Copy the following data exactly and drop the pictures.

─── Supplied material

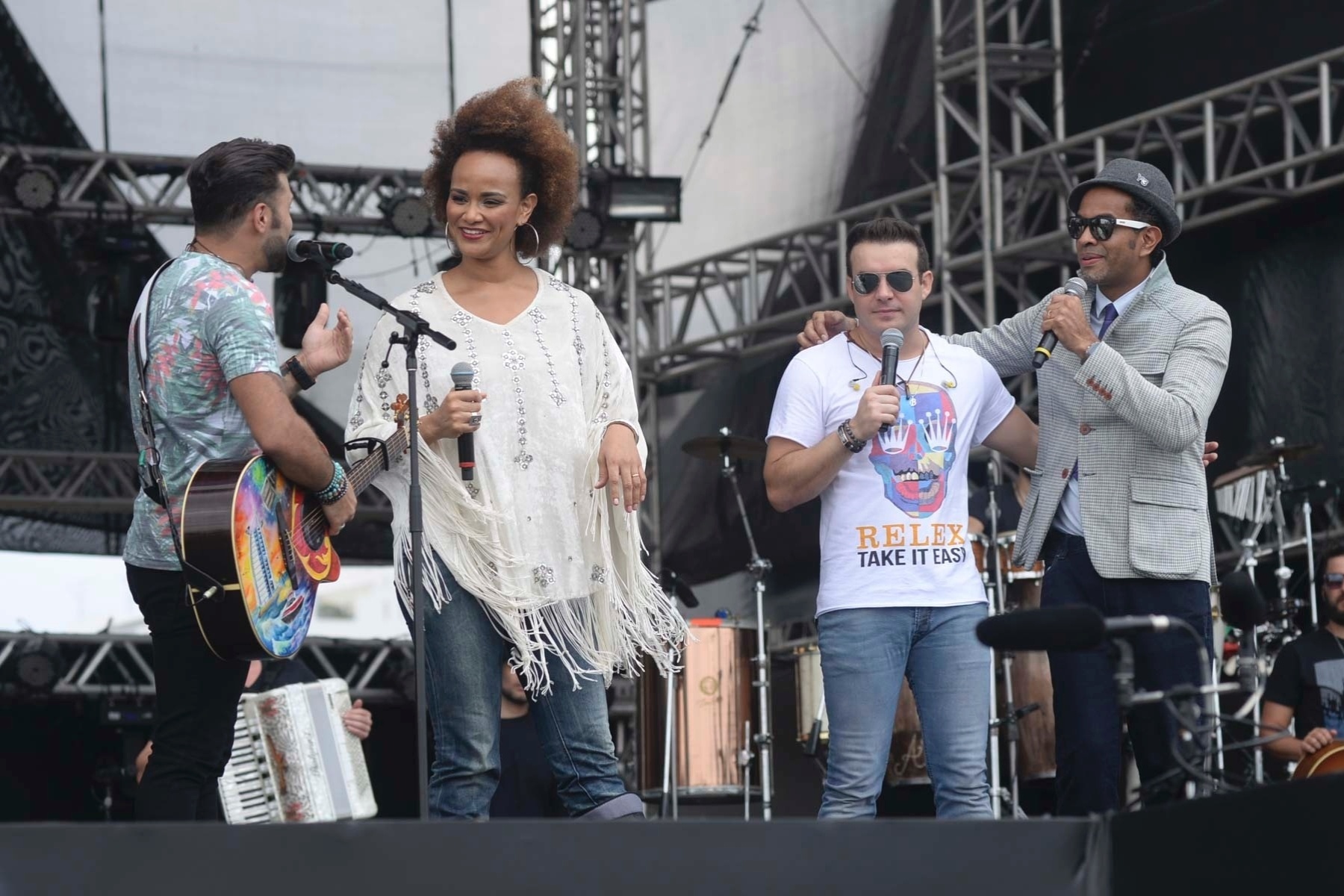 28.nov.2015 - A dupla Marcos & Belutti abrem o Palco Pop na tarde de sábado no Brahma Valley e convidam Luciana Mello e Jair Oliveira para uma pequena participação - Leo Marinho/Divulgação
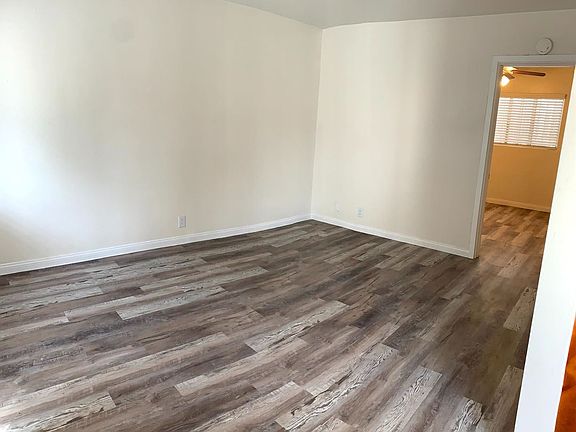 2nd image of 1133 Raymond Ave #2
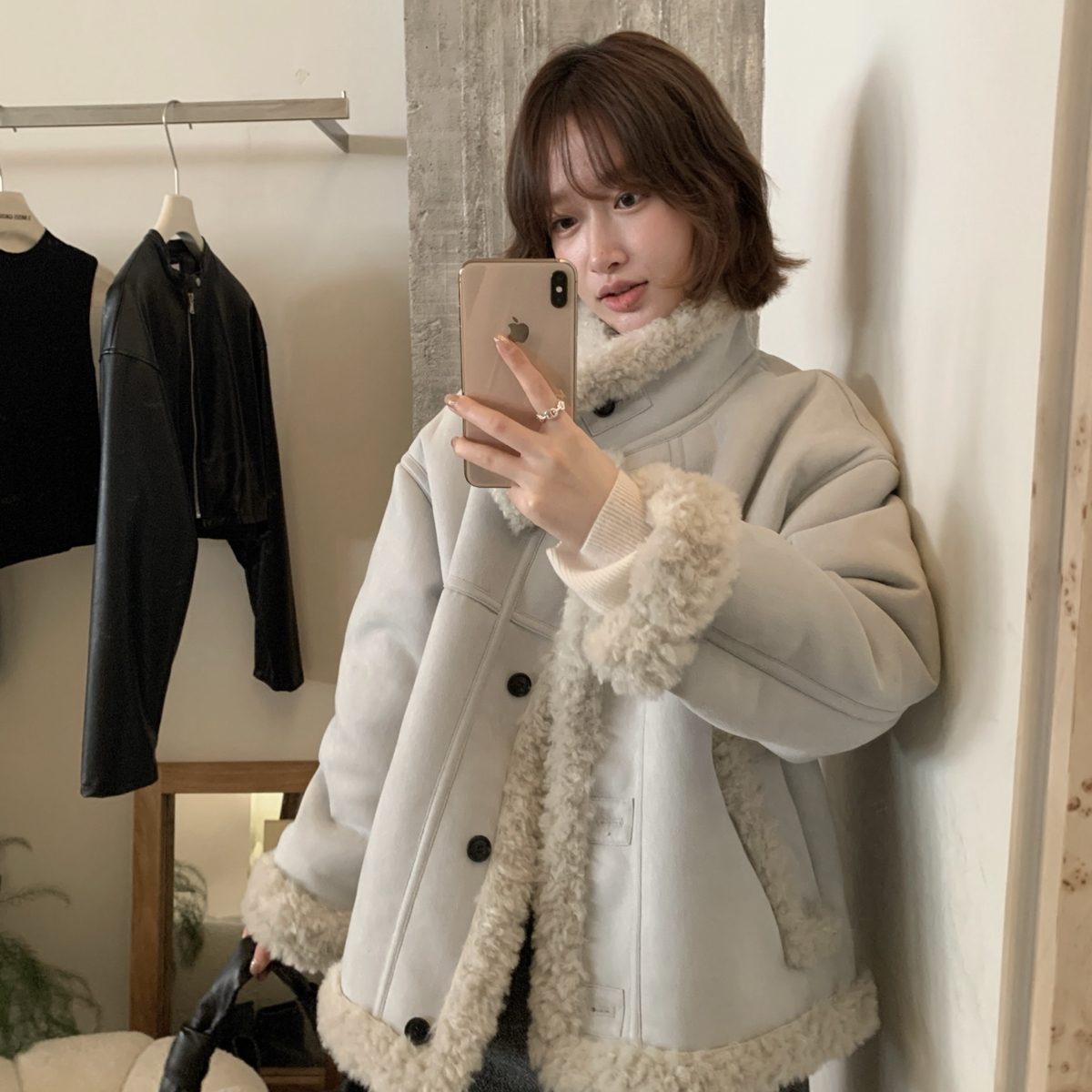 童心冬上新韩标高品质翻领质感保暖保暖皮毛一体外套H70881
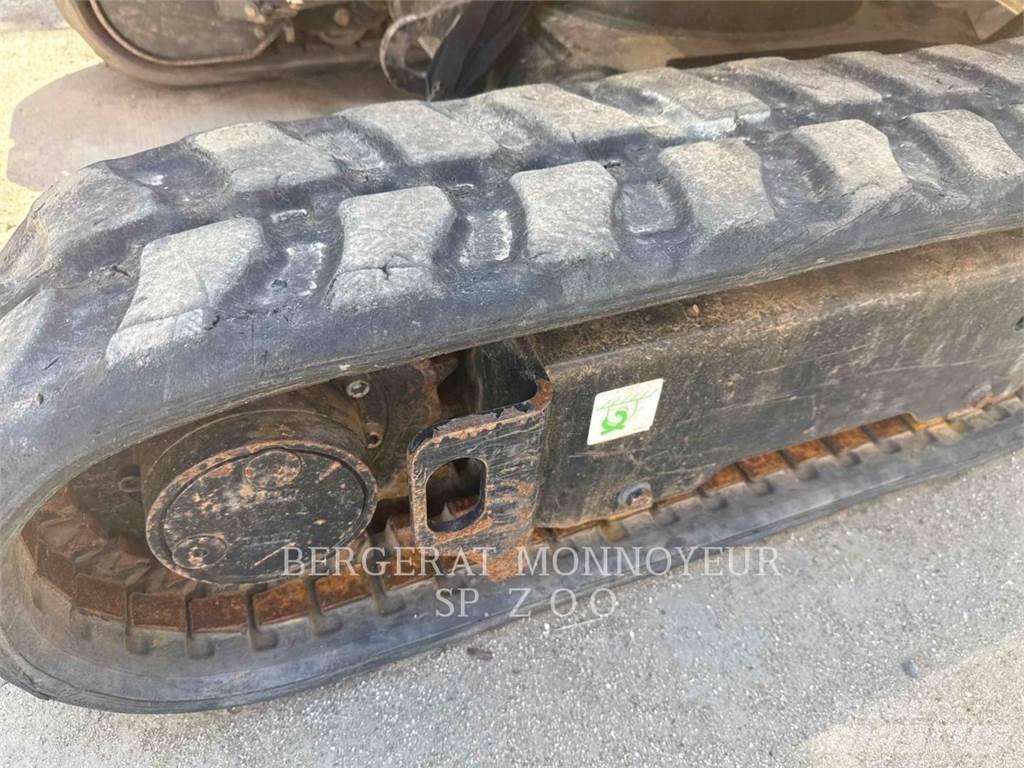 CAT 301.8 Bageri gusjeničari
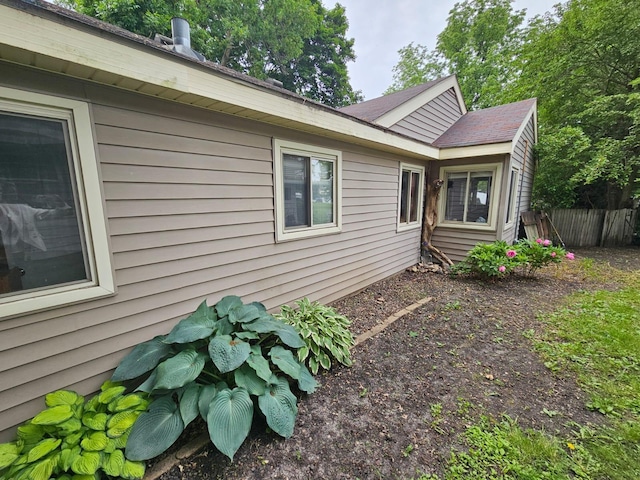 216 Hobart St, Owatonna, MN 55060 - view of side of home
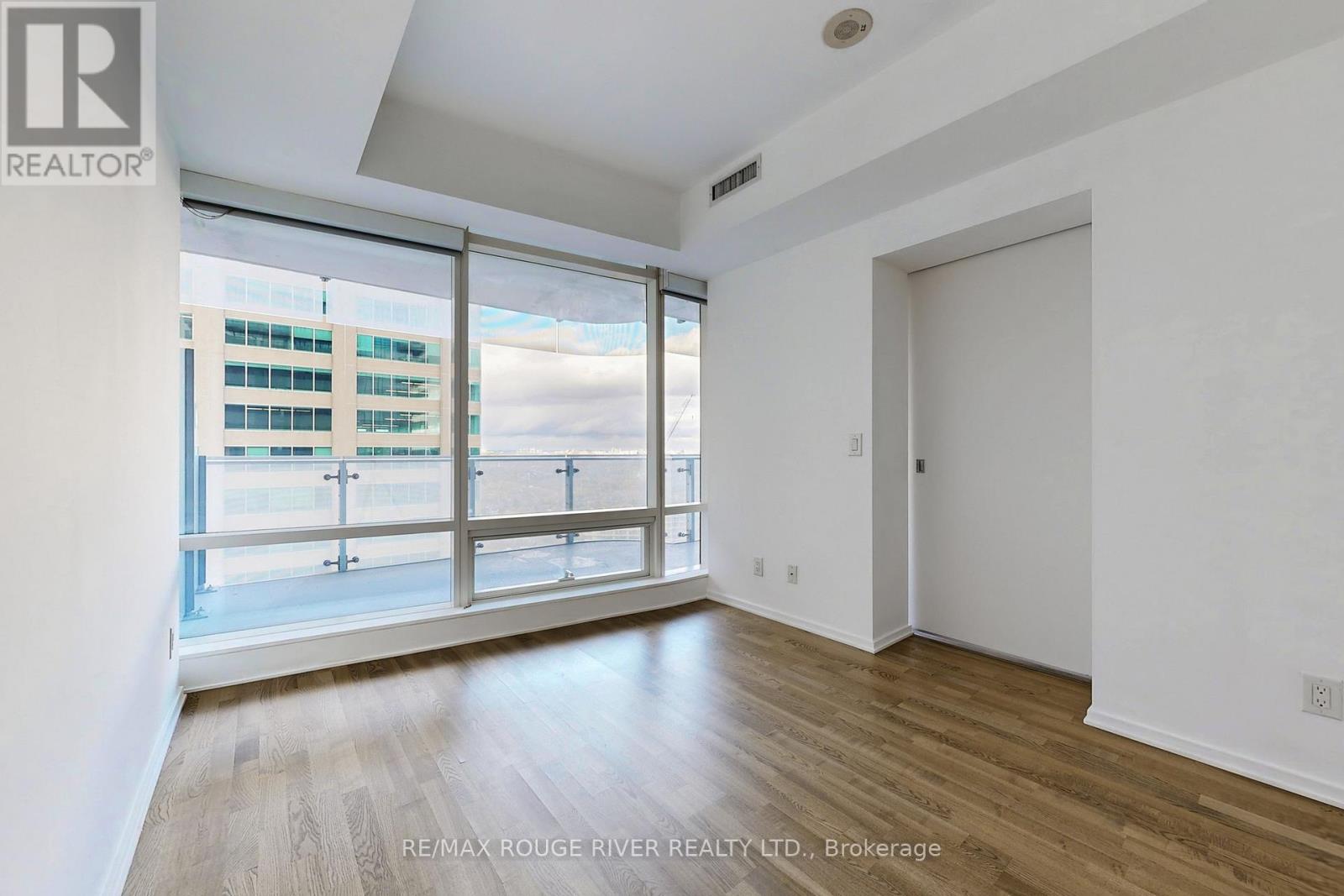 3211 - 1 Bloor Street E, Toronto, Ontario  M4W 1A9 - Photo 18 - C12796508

──────

■ Written answer
 28.nov.2015 - A dupla Marcos & Belutti abrem o Palco Pop na tarde de sábado no Brahma Valley e convidam Luciana Mello e Jair Oliveira para uma pequena participação - Leo Marinho/Divulgação
 2nd image of 1133 Raymond Ave #2
 童心冬上新韩标高品质翻领质感保暖保暖皮毛一体外套H70881
 CAT 301.8 Bageri gusjeničari
 216 Hobart St, Owatonna, MN 55060 - view of side of home
 3211 - 1 Bloor Street E, Toronto, Ontario  M4W 1A9 - Photo 18 - C12796508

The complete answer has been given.